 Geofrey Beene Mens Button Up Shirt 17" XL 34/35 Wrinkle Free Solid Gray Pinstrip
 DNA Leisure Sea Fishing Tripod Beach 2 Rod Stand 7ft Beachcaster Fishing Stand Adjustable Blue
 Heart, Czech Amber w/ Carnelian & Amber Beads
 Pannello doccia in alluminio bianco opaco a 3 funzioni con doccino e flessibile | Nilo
* * *
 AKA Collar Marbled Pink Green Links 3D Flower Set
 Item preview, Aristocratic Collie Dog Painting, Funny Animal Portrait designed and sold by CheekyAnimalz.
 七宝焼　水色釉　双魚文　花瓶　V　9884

- [TASK OBJECTIVE]
Send back an exact copy of only the lines from the line with "Geofrey Beene Mens" up to and including the line with "Pannello doccia in" in the data above.

- [RESPONSE BOX]
 Geofrey Beene Mens Button Up Shirt 17" XL 34/35 Wrinkle Free Solid Gray Pinstrip
 DNA Leisure Sea Fishing Tripod Beach 2 Rod Stand 7ft Beachcaster Fishing Stand Adjustable Blue
 Heart, Czech Amber w/ Carnelian & Amber Beads
 Pannello doccia in alluminio bianco opaco a 3 funzioni con doccino e flessibile | Nilo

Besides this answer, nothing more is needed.